Successful completion and non-fatal errors
To report successful completion and non-fatal errors (errors that don't put the
extension into a nonfunctional state), use the Admin SDK's
setProcessingState()
extension runtime method:
import { getExtensions } from "firebase-admin/extensions";
// ...
getExtensions().runtime().setProcessingState(processingState, message);
You can set the following states:
Non-fatal states | |
---|---|
PROCESSING_COMPLETE |
Use to report successful task completion. Example: getExtensions().runtime().setProcessingState( "PROCESSING_COMPLETE", `Backfill complete. Successfully processed ${numSuccess} documents.` ); |
PROCESSING_WARNING |
Use to report partial success. Example: getExtensions().runtime().setProcessingState( "PROCESSING_WARNING", `Backfill complete. ${numSuccess} documents processed successfully.` + ` ${numFailed} documents failed to process. ${listOfErrors}.` + ` ${instructionsToFixTheProblem}` ); |
PROCESSING_FAILED |
Use to report errors that prevent the task from completing, but don't leave the extension unusable. Example: getExtensions().runtime().setProcessingState( "PROCESSING_FAILED", `Backfill failed. ${errorMsg} ${optionalInstructionsToFixTheProblem}.` ); To report errors that do leave the extension unusable, call
|
NONE |
Use to clear the task's status. You can optionally use this to clear
the status message from the console (for example, after some amount of
time has passed since setting getExtensions().runtime().setProcessingState("NONE"); |
Fatal errors
If an error occurs that prevents the extension from functioning—for
example, a required setup task failing—report the fatal error with
setFatalError()
:
import { getExtensions } from "firebase-admin/extensions";
// ...
getExtensions().runtime().setFatalError(`Post-installation setup failed. ${errorMessage}`);
Tuning the task queue
If you set the taskQueueTrigger
property to {}
, your extension will
provision a Cloud Tasks queue with the default settings when an extension
instance is installed. Alternatively, you can tune the task queue's concurrency
limits and retry behavior by providing specific values:
resources:
- name: myTaskFunction
type: firebaseextensions.v1beta.function
description: >-
Perform a task when triggered by a lifecycle event
properties:
location: ${LOCATION}
taskQueueTrigger:
rateLimits:
maxConcurrentDispatches: 1000
maxDispatchesPerSecond: 500
retryConfig:
maxAttempts: 100 # Warning: setting this too low can prevent the function from running
minBackoffSeconds: 0.1
maxBackoffSeconds: 3600
maxDoublings: 16
lifecycleEvents:
onInstall:
function: myTaskFunction
processingMessage: Resizing your existing images
onUpdate:
function: myTaskFunction
processingMessage: Setting up your extension
onConfigure:
function: myOtherTaskFunction
processingMessage: Setting up your extension
See Configure Cloud Tasks queues in the Google Cloud docs for details on these parameters.

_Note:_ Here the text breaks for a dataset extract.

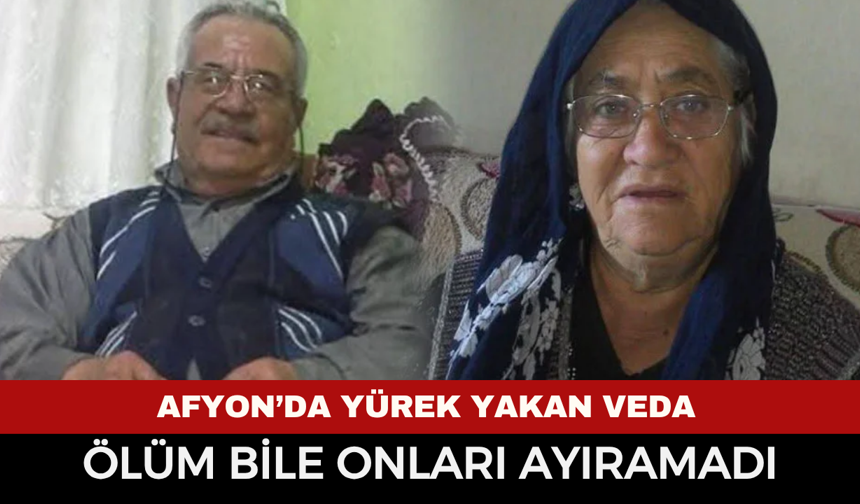 Afyon’da Yürek Yakan Veda: Ölüm Bile Onları Ayıramadı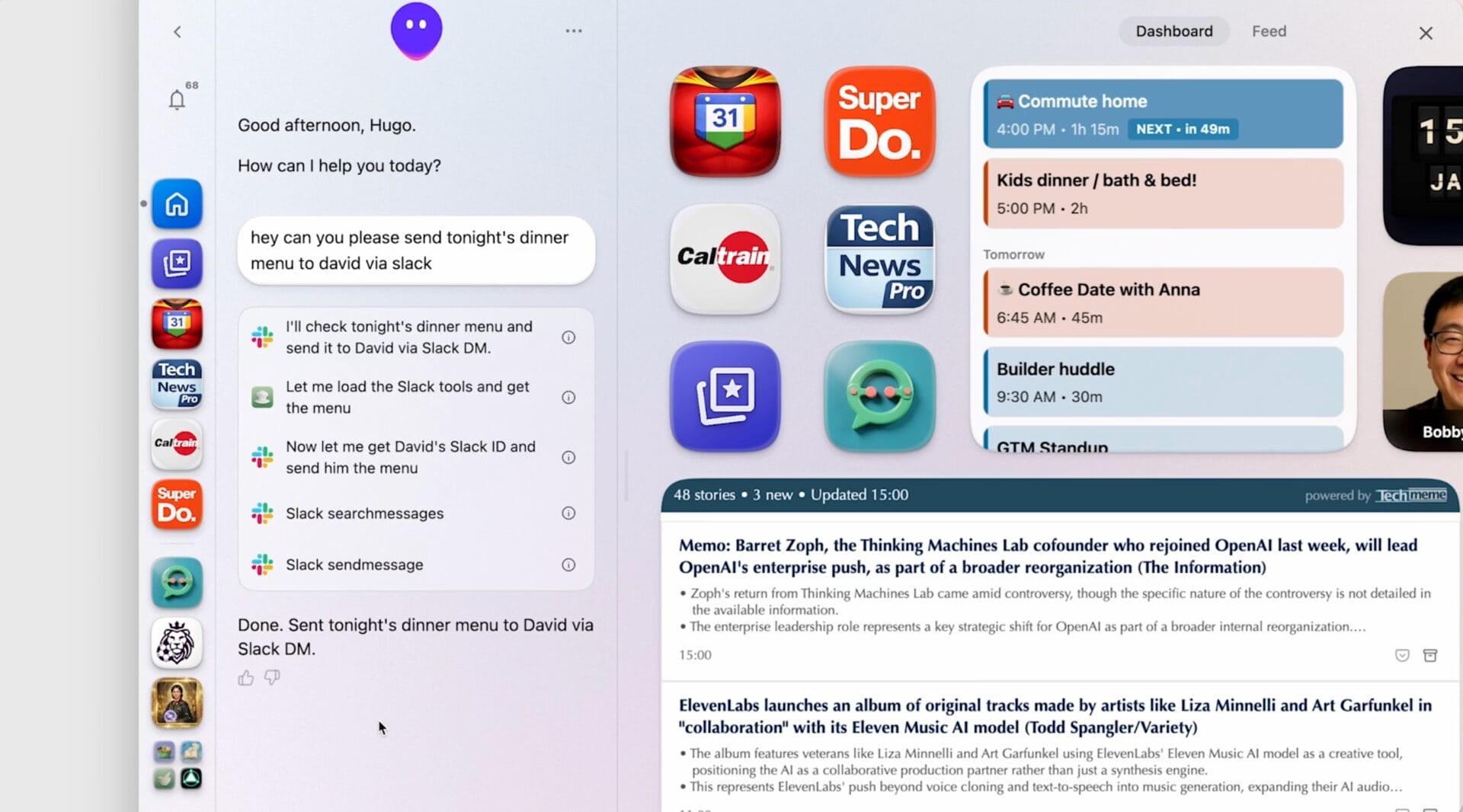 DreamerのSidekickチャット画面。ユーザーの指示でSlackにメッセージを送信する様子と、カレンダーやニュースウィジェットが並ぶダッシュボード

Don't try to specify task queue parameters by passing them to taskQueue()
.
These settings are ignored in favor of the configuration in extension.yaml
and
the configuration defaults.
For example, this won't work:
export const myBrokenTaskFunction = functions.tasks
// DON'T DO THIS IN AN EXTENSION! THESE SETTINGS ARE IGNORED.
.taskQueue({
retryConfig: {
maxAttempts: 5,
minBackoffSeconds: 60,
},
rateLimits: {
maxConcurrentDispatches: 1000,
maxDispatchesPerSecond: 10,
},
})
.onDispatch(
// ...
);
The taskQueueTrigger
property in extension.yaml
is the only way to configure
an extension's task queues.
Examples
The official storage-resize-images
,
firestore-bigquery-export
,
and firestore-translate-text
extensions all use lifecycle event handlers to backfill data.